## Data supplied
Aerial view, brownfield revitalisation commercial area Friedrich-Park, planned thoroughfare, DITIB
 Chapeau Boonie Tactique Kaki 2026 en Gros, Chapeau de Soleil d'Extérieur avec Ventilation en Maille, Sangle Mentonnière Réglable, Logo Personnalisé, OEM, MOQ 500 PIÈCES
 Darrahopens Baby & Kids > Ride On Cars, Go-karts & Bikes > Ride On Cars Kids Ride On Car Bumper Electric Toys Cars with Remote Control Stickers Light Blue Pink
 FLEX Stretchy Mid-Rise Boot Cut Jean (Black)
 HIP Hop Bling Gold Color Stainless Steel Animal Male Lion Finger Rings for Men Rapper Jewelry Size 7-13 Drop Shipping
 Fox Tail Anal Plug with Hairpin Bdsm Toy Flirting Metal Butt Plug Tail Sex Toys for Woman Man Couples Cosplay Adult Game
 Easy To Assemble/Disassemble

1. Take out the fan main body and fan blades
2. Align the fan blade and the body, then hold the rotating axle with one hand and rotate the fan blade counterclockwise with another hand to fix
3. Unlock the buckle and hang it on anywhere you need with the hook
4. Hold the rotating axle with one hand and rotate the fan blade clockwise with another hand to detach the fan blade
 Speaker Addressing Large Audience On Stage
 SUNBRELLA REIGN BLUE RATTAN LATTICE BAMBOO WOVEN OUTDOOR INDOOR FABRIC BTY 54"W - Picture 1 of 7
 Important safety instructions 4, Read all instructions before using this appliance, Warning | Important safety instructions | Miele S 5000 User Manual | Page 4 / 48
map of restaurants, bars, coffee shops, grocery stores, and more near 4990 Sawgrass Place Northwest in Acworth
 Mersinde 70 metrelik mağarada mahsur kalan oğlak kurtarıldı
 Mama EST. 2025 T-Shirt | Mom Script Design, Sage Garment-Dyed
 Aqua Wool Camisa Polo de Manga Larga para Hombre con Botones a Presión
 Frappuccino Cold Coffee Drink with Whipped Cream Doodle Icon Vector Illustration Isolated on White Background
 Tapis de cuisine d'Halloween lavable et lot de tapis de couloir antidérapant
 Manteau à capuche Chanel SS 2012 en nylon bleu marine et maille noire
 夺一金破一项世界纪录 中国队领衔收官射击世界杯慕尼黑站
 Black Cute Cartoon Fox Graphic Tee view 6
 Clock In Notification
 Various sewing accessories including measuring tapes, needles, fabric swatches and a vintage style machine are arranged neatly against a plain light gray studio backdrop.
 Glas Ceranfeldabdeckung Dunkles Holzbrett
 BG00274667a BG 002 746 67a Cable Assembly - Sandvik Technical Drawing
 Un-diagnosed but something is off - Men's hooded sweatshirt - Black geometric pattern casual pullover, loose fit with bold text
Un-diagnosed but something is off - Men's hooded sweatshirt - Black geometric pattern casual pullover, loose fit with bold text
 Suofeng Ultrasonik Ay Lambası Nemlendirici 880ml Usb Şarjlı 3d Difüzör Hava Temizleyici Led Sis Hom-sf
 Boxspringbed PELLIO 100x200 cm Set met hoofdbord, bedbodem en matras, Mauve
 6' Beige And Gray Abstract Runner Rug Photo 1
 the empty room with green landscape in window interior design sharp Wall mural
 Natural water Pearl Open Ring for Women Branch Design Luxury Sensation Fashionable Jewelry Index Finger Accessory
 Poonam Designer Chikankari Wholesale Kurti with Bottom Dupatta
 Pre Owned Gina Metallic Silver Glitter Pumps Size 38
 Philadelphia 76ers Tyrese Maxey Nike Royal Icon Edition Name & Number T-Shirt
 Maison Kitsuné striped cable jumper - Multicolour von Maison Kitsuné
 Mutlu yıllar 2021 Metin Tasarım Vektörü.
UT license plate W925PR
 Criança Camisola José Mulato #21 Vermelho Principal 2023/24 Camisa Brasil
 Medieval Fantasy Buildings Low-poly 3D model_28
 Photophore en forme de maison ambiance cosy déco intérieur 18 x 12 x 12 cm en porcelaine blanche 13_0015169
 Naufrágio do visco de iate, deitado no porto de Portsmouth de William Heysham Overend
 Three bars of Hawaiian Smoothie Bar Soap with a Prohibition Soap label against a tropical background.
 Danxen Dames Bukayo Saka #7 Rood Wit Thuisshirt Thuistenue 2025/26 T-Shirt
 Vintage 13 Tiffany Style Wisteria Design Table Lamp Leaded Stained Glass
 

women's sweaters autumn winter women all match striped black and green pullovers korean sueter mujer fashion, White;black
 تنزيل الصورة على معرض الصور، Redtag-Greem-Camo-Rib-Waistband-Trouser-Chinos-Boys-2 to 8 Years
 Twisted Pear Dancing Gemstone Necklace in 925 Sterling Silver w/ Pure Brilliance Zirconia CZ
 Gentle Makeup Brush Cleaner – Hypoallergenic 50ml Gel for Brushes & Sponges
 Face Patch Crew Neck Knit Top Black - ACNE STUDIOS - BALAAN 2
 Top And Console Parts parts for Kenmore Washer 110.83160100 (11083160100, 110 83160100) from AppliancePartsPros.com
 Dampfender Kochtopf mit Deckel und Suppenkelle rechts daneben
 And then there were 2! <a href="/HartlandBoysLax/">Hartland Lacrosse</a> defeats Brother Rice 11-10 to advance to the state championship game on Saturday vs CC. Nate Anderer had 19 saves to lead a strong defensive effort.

## Problem to solve
Nothing should be left out: copy the material exactly.

## Answer box
Aerial view, brownfield revitalisation commercial area Friedrich-Park, planned thoroughfare, DITIB
 Chapeau Boonie Tactique Kaki 2026 en Gros, Chapeau de Soleil d'Extérieur avec Ventilation en Maille, Sangle Mentonnière Réglable, Logo Personnalisé, OEM, MOQ 500 PIÈCES
 Darrahopens Baby & Kids > Ride On Cars, Go-karts & Bikes > Ride On Cars Kids Ride On Car Bumper Electric Toys Cars with Remote Control Stickers Light Blue Pink
 FLEX Stretchy Mid-Rise Boot Cut Jean (Black)
 HIP Hop Bling Gold Color Stainless Steel Animal Male Lion Finger Rings for Men Rapper Jewelry Size 7-13 Drop Shipping
 Fox Tail Anal Plug with Hairpin Bdsm Toy Flirting Metal Butt Plug Tail Sex Toys for Woman Man Couples Cosplay Adult Game
 Easy To Assemble/Disassemble

1. Take out the fan main body and fan blades
2. Align the fan blade and the body, then hold the rotating axle with one hand and rotate the fan blade counterclockwise with another hand to fix
3. Unlock the buckle and hang it on anywhere you need with the hook
4. Hold the rotating axle with one hand and rotate the fan blade clockwise with another hand to detach the fan blade
 Speaker Addressing Large Audience On Stage
 SUNBRELLA REIGN BLUE RATTAN LATTICE BAMBOO WOVEN OUTDOOR INDOOR FABRIC BTY 54"W - Picture 1 of 7
 Important safety instructions 4, Read all instructions before using this appliance, Warning | Important safety instructions | Miele S 5000 User Manual | Page 4 / 48
map of restaurants, bars, coffee shops, grocery stores, and more near 4990 Sawgrass Place Northwest in Acworth
 Mersinde 70 metrelik mağarada mahsur kalan oğlak kurtarıldı
 Mama EST. 2025 T-Shirt | Mom Script Design, Sage Garment-Dyed
 Aqua Wool Camisa Polo de Manga Larga para Hombre con Botones a Presión
 Frappuccino Cold Coffee Drink with Whipped Cream Doodle Icon Vector Illustration Isolated on White Background
 Tapis de cuisine d'Halloween lavable et lot de tapis de couloir antidérapant
 Manteau à capuche Chanel SS 2012 en nylon bleu marine et maille noire
 夺一金破一项世界纪录 中国队领衔收官射击世界杯慕尼黑站
 Black Cute Cartoon Fox Graphic Tee view 6
 Clock In Notification
 Various sewing accessories including measuring tapes, needles, fabric swatches and a vintage style machine are arranged neatly against a plain light gray studio backdrop.
 Glas Ceranfeldabdeckung Dunkles Holzbrett
 BG00274667a BG 002 746 67a Cable Assembly - Sandvik Technical Drawing
 Un-diagnosed but something is off - Men's hooded sweatshirt - Black geometric pattern casual pullover, loose fit with bold text
Un-diagnosed but something is off - Men's hooded sweatshirt - Black geometric pattern casual pullover, loose fit with bold text
 Suofeng Ultrasonik Ay Lambası Nemlendirici 880ml Usb Şarjlı 3d Difüzör Hava Temizleyici Led Sis Hom-sf
 Boxspringbed PELLIO 100x200 cm Set met hoofdbord, bedbodem en matras, Mauve
 6' Beige And Gray Abstract Runner Rug Photo 1
 the empty room with green landscape in window interior design sharp Wall mural
 Natural water Pearl Open Ring for Women Branch Design Luxury Sensation Fashionable Jewelry Index Finger Accessory
 Poonam Designer Chikankari Wholesale Kurti with Bottom Dupatta
 Pre Owned Gina Metallic Silver Glitter Pumps Size 38
 Philadelphia 76ers Tyrese Maxey Nike Royal Icon Edition Name & Number T-Shirt
 Maison Kitsuné striped cable jumper - Multicolour von Maison Kitsuné
 Mutlu yıllar 2021 Metin Tasarım Vektörü.
UT license plate W925PR
 Criança Camisola José Mulato #21 Vermelho Principal 2023/24 Camisa Brasil
 Medieval Fantasy Buildings Low-poly 3D model_28
 Photophore en forme de maison ambiance cosy déco intérieur 18 x 12 x 12 cm en porcelaine blanche 13_0015169
 Naufrágio do visco de iate, deitado no porto de Portsmouth de William Heysham Overend
 Three bars of Hawaiian Smoothie Bar Soap with a Prohibition Soap label against a tropical background.
 Danxen Dames Bukayo Saka #7 Rood Wit Thuisshirt Thuistenue 2025/26 T-Shirt
 Vintage 13 Tiffany Style Wisteria Design Table Lamp Leaded Stained Glass
 

women's sweaters autumn winter women all match striped black and green pullovers korean sueter mujer fashion, White;black
 تنزيل الصورة على معرض الصور، Redtag-Greem-Camo-Rib-Waistband-Trouser-Chinos-Boys-2 to 8 Years
 Twisted Pear Dancing Gemstone Necklace in 925 Sterling Silver w/ Pure Brilliance Zirconia CZ
 Gentle Makeup Brush Cleaner – Hypoallergenic 50ml Gel for Brushes & Sponges
 Face Patch Crew Neck Knit Top Black - ACNE STUDIOS - BALAAN 2
 Top And Console Parts parts for Kenmore Washer 110.83160100 (11083160100, 110 83160100) from AppliancePartsPros.com
 Dampfender Kochtopf mit Deckel und Suppenkelle rechts daneben
 And then there were 2! <a href="/HartlandBoysLax/">Hartland Lacrosse</a> defeats Brother Rice 11-10 to advance to the state championship game on Saturday vs CC. Nate Anderer had 19 saves to lead a strong defensive effort.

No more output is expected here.